To do: Everything from the line containing "Sortimento de frutas" through the end of the data below should be copied exactly, with no other lines.
Data supplied Block Start
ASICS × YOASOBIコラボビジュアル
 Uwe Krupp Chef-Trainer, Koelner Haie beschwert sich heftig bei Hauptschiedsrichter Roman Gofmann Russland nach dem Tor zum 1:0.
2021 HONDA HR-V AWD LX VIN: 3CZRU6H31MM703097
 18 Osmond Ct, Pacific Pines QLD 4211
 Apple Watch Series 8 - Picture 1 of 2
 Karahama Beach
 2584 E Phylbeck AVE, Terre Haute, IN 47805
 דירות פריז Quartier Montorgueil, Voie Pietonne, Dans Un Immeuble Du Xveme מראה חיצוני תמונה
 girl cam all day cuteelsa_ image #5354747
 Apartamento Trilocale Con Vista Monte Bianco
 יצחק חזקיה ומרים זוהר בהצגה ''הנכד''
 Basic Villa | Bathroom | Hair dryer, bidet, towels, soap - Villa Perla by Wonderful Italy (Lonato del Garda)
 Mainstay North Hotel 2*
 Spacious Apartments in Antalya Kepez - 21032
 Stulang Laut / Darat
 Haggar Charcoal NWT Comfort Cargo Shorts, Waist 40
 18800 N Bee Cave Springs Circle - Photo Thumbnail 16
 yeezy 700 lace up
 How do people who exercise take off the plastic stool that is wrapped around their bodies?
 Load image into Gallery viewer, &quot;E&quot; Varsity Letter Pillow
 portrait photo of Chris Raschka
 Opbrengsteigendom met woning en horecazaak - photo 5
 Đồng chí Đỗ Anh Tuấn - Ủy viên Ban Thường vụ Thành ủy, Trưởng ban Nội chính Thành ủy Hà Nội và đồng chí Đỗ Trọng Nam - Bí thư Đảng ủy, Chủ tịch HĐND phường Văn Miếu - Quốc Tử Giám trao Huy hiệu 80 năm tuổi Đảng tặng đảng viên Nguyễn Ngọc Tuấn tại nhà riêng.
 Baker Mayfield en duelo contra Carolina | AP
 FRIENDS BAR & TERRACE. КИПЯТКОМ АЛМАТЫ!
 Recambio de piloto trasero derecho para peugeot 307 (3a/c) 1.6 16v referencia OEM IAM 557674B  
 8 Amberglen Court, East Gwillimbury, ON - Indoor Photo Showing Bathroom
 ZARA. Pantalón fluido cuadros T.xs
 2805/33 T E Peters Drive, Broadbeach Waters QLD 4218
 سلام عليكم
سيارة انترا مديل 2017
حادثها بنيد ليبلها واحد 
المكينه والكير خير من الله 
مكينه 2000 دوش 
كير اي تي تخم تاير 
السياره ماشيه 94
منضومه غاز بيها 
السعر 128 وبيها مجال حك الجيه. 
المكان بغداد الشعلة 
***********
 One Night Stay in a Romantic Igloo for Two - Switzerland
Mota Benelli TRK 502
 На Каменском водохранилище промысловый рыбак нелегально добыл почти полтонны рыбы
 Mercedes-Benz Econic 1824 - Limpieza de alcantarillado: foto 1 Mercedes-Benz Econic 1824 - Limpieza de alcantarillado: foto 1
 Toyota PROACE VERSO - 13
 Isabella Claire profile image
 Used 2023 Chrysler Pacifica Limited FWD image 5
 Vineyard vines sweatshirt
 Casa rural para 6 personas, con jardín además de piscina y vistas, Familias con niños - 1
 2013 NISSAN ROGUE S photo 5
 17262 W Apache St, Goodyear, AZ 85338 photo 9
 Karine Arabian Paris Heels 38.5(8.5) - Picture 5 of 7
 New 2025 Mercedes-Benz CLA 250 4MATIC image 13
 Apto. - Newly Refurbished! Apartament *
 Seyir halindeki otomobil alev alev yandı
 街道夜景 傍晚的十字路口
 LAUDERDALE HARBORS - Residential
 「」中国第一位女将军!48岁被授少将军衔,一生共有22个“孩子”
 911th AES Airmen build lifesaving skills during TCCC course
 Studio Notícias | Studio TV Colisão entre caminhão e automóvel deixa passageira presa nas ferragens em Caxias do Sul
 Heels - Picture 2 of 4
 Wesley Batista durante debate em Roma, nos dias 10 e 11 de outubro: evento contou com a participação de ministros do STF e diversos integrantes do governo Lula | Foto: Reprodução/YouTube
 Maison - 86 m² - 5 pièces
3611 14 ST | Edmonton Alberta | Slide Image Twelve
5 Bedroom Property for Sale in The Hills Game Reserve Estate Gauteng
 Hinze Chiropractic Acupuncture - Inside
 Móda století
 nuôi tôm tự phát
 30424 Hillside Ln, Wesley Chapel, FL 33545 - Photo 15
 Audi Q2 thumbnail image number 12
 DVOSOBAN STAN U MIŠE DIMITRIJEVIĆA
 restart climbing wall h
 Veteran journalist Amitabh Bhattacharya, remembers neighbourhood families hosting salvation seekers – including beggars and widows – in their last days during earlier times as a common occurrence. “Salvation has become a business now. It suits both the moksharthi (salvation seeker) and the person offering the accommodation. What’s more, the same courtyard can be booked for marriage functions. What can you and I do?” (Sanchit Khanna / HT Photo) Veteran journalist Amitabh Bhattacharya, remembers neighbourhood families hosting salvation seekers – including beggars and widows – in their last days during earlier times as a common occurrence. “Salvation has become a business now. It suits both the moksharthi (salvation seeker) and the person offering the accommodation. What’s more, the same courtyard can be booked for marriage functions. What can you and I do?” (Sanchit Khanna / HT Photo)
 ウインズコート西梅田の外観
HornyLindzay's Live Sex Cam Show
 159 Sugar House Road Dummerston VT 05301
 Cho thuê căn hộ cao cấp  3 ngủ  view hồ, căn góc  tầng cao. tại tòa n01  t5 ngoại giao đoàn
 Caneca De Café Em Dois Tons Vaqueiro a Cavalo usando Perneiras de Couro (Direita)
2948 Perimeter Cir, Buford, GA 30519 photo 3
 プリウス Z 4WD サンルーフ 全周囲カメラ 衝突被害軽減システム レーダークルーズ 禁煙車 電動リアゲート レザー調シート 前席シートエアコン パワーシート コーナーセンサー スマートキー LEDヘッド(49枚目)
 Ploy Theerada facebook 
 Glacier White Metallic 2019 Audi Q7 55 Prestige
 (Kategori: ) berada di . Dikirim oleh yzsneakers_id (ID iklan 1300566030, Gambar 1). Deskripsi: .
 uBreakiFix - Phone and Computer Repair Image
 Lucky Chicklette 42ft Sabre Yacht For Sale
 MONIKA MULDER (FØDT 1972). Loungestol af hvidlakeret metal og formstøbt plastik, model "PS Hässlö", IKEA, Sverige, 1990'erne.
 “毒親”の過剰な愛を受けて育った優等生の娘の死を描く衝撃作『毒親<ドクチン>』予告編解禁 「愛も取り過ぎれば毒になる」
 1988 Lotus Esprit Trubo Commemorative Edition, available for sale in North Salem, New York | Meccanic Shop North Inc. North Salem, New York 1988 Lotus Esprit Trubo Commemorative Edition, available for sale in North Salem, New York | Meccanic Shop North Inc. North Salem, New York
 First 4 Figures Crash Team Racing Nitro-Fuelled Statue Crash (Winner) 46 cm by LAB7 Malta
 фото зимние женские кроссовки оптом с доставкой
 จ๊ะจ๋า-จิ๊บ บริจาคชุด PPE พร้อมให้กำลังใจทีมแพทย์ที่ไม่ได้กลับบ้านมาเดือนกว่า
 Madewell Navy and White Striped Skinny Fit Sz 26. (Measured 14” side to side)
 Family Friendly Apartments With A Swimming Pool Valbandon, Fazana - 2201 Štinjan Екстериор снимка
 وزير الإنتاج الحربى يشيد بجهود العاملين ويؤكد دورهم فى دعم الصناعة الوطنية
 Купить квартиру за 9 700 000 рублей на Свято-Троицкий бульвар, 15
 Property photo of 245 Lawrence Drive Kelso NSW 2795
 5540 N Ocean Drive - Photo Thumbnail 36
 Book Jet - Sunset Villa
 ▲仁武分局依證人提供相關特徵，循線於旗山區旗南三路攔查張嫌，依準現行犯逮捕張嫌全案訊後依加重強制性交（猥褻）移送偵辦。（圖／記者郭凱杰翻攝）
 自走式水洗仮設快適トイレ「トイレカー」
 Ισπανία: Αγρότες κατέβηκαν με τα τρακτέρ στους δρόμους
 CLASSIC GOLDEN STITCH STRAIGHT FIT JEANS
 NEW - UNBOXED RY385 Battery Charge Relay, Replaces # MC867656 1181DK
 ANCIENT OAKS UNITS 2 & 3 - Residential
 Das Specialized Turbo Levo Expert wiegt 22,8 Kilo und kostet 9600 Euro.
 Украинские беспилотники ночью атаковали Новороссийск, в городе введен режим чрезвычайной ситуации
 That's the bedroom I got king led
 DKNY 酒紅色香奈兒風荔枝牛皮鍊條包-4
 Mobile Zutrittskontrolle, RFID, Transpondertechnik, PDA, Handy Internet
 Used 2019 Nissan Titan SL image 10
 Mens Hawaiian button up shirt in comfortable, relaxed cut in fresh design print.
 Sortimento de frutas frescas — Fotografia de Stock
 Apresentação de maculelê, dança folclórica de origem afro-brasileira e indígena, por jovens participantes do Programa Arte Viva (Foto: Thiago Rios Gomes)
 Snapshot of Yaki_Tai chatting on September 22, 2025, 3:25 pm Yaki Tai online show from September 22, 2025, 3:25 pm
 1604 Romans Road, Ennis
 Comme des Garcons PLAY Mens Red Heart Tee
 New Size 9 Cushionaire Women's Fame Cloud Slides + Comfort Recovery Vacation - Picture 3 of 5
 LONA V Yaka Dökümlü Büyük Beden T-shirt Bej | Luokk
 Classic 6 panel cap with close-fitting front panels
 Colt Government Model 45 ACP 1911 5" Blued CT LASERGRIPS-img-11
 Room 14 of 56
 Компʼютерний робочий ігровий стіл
Data supplied Block End
Solution:
 Sortimento de frutas frescas — Fotografia de Stock
 Apresentação de maculelê, dança folclórica de origem afro-brasileira e indígena, por jovens participantes do Programa Arte Viva (Foto: Thiago Rios Gomes)
 Snapshot of Yaki_Tai chatting on September 22, 2025, 3:25 pm Yaki Tai online show from September 22, 2025, 3:25 pm
 1604 Romans Road, Ennis
 Comme des Garcons PLAY Mens Red Heart Tee
 New Size 9 Cushionaire Women's Fame Cloud Slides + Comfort Recovery Vacation - Picture 3 of 5
 LONA V Yaka Dökümlü Büyük Beden T-shirt Bej | Luokk
 Classic 6 panel cap with close-fitting front panels
 Colt Government Model 45 ACP 1911 5" Blued CT LASERGRIPS-img-11
 Room 14 of 56
 Компʼютерний робочий ігровий стіл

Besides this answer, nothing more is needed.